L’Idée Folle De L’Enfant-Roi

Contexte : Octobre 2020 : Emmanuel Macron, lors d’un discours visant à condamner toute forme de séparatisme, déclare vouloir interdire l’instruction en famille à la rentrée 2021.
Un projet de loi est en cours d’examen et prévoit que « l’école à la maison » fasse désormais l’objet d’une autorisation, accordée par l’Education Nationale, dans un cadre très précis.

Cette conception met fin à la liberté d’enseignement.


« Mais qui a eu cette idée folle, un jour… d’inverser les rôles ? »

Alors que pendant plus d’un siècle les parents confiaient leurs enfants à l’Ecole,
Celle-ci était alors l’organe de sous-traitance de l’instruction, le récipiendaire d’un noble mandat parental, en charge d’honorer la mission qui lui a été confiée.

Voici désormais qu’elle revêt le kimono à l’effigie présidentielle et se retrouve, grossier judoka, à plaquer au sol quelques dizaines de milliers de familles, expliquant lourdement aux parents stupéfaits, et dans le brouhaha du dojo républicain, qu’elle détient les enfants, et que ces parents se montrent disciplinés et suffisamment obséquieux, elle leur prêtera ces derniers afin qu’ils les nourrissent et se trouvent, au passage, une raison à leur existence grisâtre de travailleurs.

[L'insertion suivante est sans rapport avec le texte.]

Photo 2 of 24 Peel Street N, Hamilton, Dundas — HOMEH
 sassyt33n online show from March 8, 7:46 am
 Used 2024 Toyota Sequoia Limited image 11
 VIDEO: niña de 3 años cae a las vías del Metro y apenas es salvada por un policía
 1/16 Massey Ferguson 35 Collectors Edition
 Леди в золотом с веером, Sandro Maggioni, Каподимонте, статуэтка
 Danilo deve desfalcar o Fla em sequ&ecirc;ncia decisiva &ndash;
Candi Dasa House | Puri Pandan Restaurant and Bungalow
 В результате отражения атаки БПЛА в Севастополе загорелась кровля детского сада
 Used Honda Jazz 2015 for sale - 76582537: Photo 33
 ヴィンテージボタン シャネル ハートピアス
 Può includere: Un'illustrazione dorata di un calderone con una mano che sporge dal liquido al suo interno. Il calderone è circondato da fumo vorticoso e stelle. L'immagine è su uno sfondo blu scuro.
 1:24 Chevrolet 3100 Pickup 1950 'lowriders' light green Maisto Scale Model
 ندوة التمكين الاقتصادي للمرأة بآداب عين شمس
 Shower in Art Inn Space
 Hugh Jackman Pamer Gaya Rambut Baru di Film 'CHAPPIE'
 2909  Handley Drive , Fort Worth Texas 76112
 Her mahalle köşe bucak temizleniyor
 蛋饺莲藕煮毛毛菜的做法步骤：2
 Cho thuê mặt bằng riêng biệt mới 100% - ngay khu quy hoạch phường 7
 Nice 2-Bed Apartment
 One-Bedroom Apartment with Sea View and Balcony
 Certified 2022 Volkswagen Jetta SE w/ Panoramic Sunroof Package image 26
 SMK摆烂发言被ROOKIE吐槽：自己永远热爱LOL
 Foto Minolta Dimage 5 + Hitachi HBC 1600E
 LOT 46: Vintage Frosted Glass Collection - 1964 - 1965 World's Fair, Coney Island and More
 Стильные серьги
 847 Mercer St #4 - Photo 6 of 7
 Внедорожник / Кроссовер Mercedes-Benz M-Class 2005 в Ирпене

L’école leur confiera le mandat suivant : respecter ses injonctions idéologiques et faire évoluer les petiots de la nation dans le sens des valeurs…vers lesquelles elle aura préalablement décidé qu’il fallait s’orienter…
Si, par malheur, ces parents se piquent d’une volonté de penser par eux-mêmes et de définir le sens et les valeurs, s’il s’avère qu’ils montrent l’outrecuidance du non-alignement sur la ligne officielle, alors l’école arguera du plus grand bien et, préalablement à la sanction, instruira les parents.

Voilà le grand retournement : l’instruction en famille, l’école à la maison, c’est fini.
C’est fini, parce que c’est Macron qui l’a dit.

Avec la bienveillance pour seul guide, notre président ose dire…. « Nos Enfants »…
Ce faisant, il s’invite dans la relation parentale.
Dans ce monde nouveau, les parents sont composés de deux personnes + le président.
Cela, en dépit de toute l’ouverture d’esprit dont je suis par ailleurs capable, me pose problème.

Dans sa pensée de Père Universel, l’instruction à l’école devient obligatoire et toute volonté d’instruire son enfant en famille pour une raison autre que celle préparée par les cases étroites du système (itinérance, situation de handicap), deviendra impossible.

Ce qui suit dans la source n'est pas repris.